Basketball

"Inakzeptabel!" Towers-Trainer Taylor fordert neue Spieler

Tevonn Walker (l.) von den Hamburg Towers sucht einen Weg vorbei an Ulms Zoran Dragic.

Tevonn Walker (l.) von den Hamburg Towers sucht einen Weg vorbei an Ulms Zoran Dragic.

Foto: nph / Hafner via www.imago-images.de / imago images/Nordphoto

Die Hamburger verlieren in der Basketball-Bundesliga in Ulm nach einer phasenweise kläglichen Vorstellung deutlich.

Ulm/Hamburg.  Die Hamburg Towers haben ihre Niederlagenserie in der Basketball-Bundesliga mit einer erneut phasenweise kläglichen Vorstellung fortgesetzt. Der Aufsteiger verlor vor 5906 Zuschauern in Ulm nach einer 15:7-Führung (5. Minute) mit 69:102 (16:22, 16:32, 17:32, 20:16), die siebte Pleite im achten Spiel, bleibt aber Vorletzter. Schlusslicht Weißenfels (MBC), das am zweiten Spieltag 104:83 in Wilhelmsburg gewann, hat eine Niederlage mehr auf dem Minuskonto.
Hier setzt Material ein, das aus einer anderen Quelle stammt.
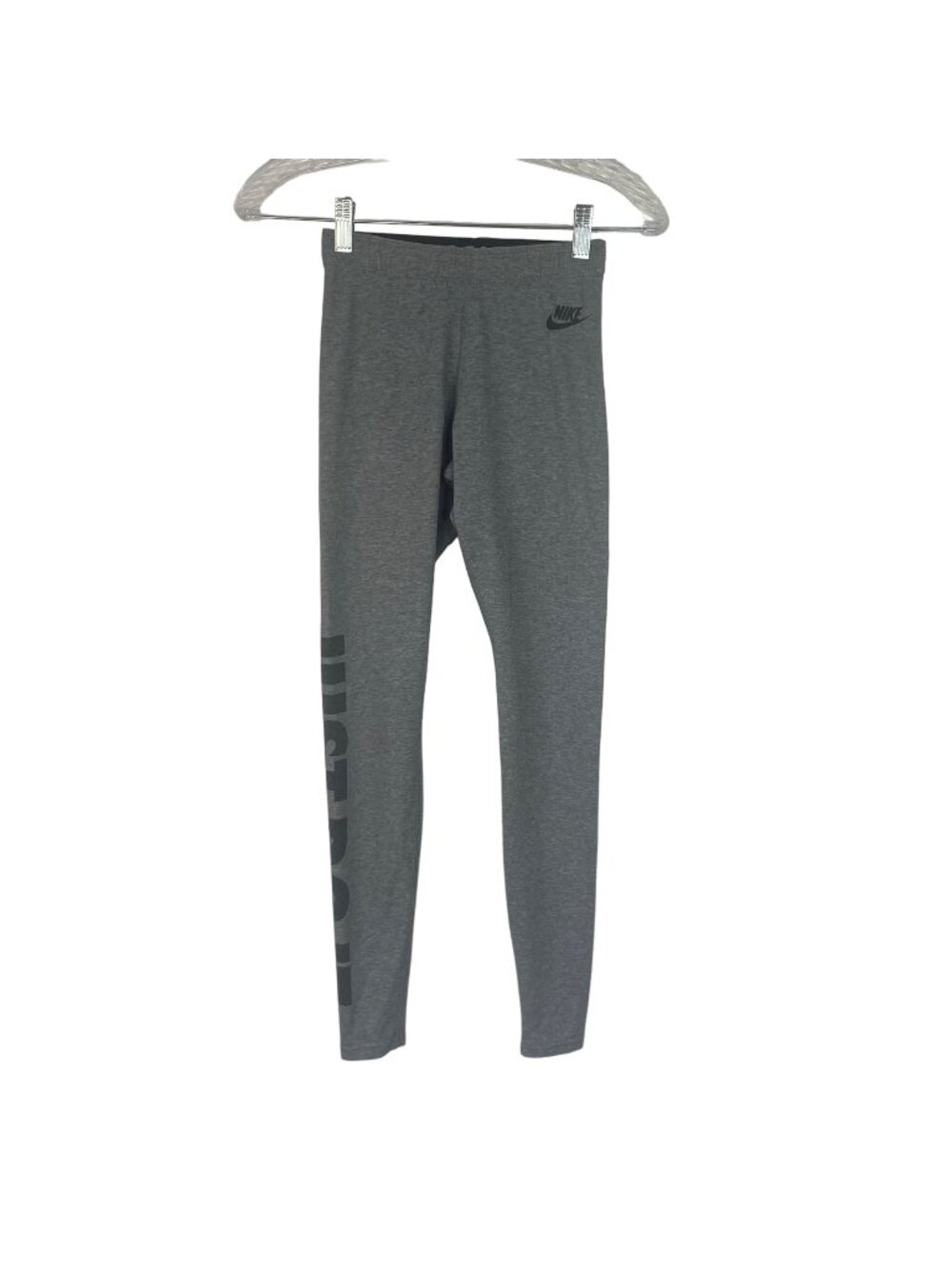 Nike Just Do It Leggings XS Gray Gym Workout Activewear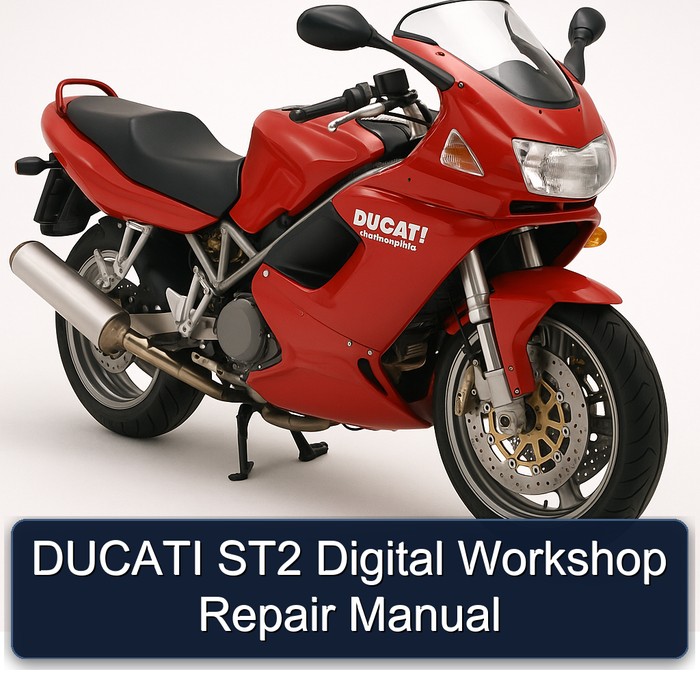 Ducati Sporttouring / ST Models ST2 Digital Service Repair Workshop Manual PDF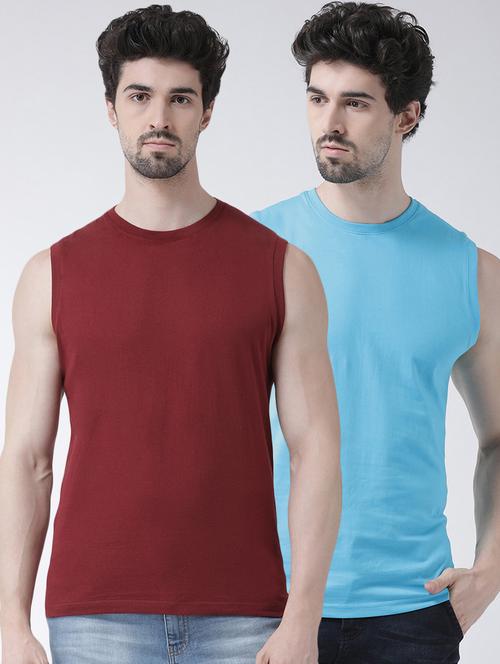 set of 2 solid t-shirt - 17275133 - Very Small Image - 1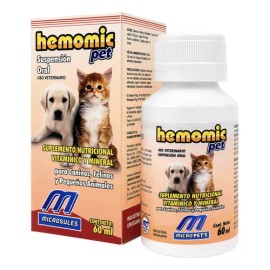 Hemomic Jarabe Vitaminas Y Minerales Perro / Gato Oral 60ml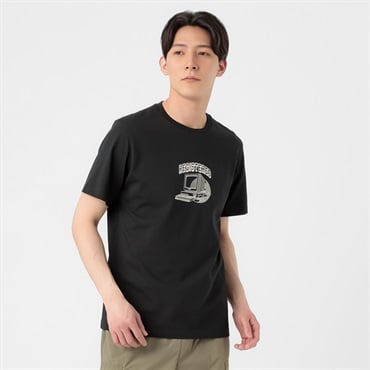 TVC(ティーヴィシー) コットン天竺プリントクルーネック半袖Tシャツ メンズ(モノトーン-S)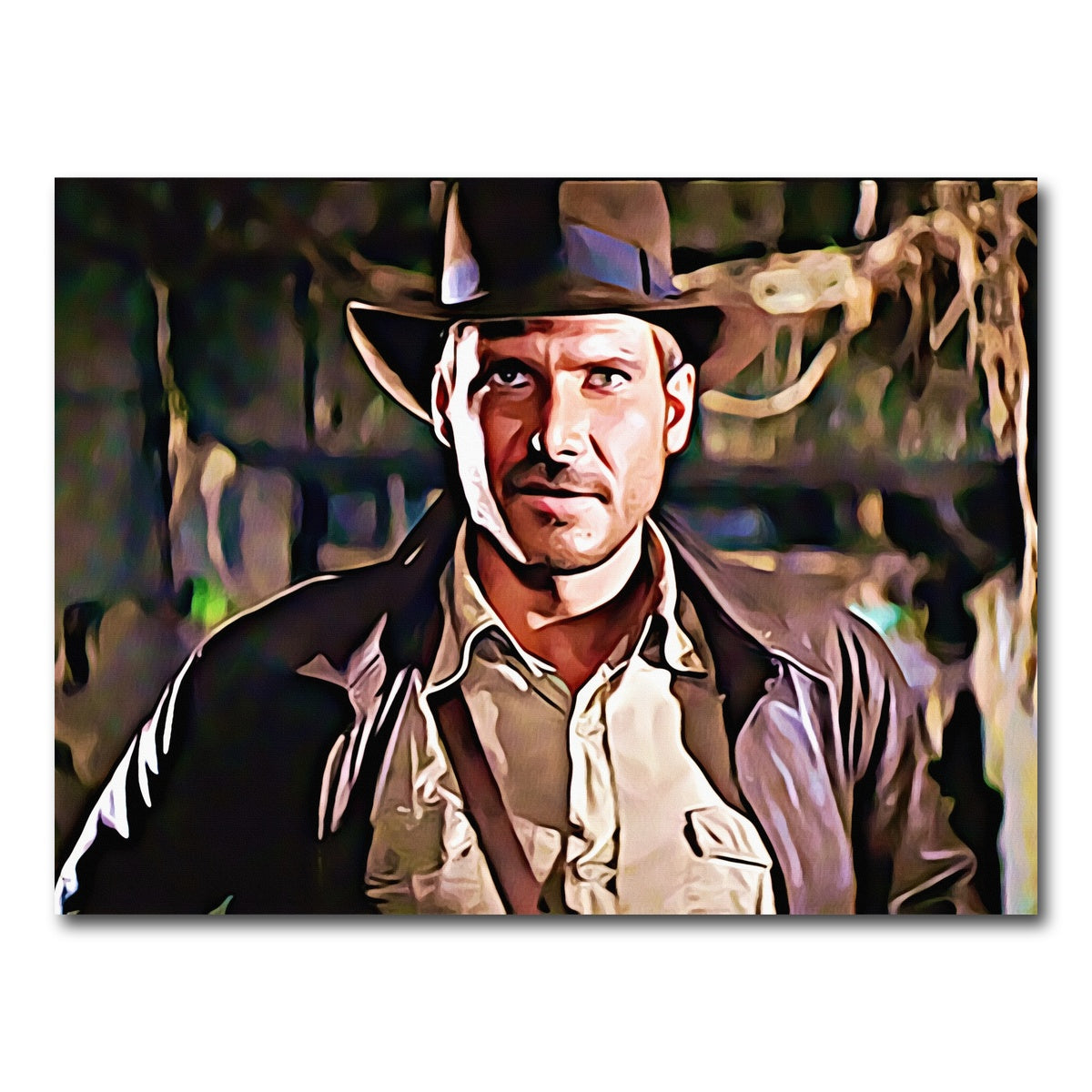 AUTO-MOCKUP WHITE | raiders of the lost ark | 1 Piece | Gallery Wrap Canvas | group=4x3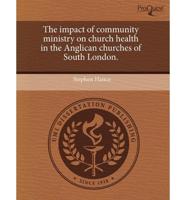 Impact of Community Ministry on Church Health in the Anglican Churches of S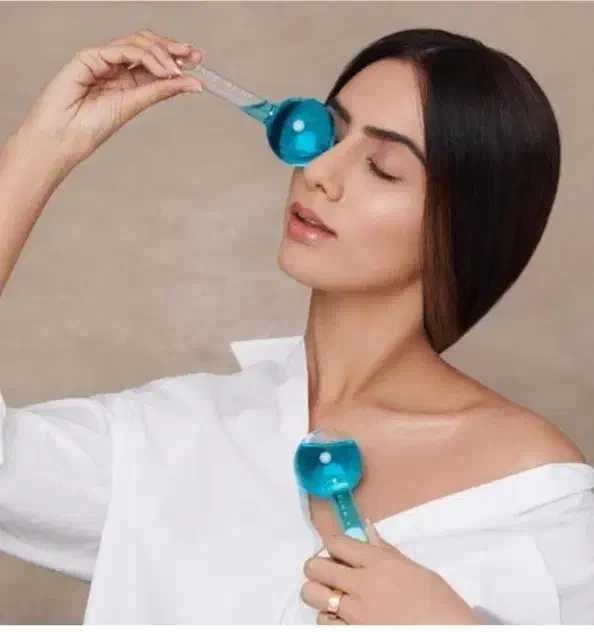 گوی ماساژور ۲ عددی برای صورت گردن|آرایشی، بهداشتی، درمانی|قم, آزادگان|دیوار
Die Korbdifferenz von –158 weist die Hamburger aber als derzeit schlechteste Erstligamannschaft aus.

Dem widerspricht selbst Towers-Trainer Mike Taylor nicht mehr. „Wir müssen schnell auf Bundesliganiveau kommen, nicht irgendwann, möglichst schon am nächsten Sonnabend zu Hause gegen Bayreuth“, sagte er nach dem Spiel bei seinem ehemaligen Club, den er von 2003 bis 2011 coachte. Taylor wurde von den Ulmer Fans mit Sprechchören empfangen.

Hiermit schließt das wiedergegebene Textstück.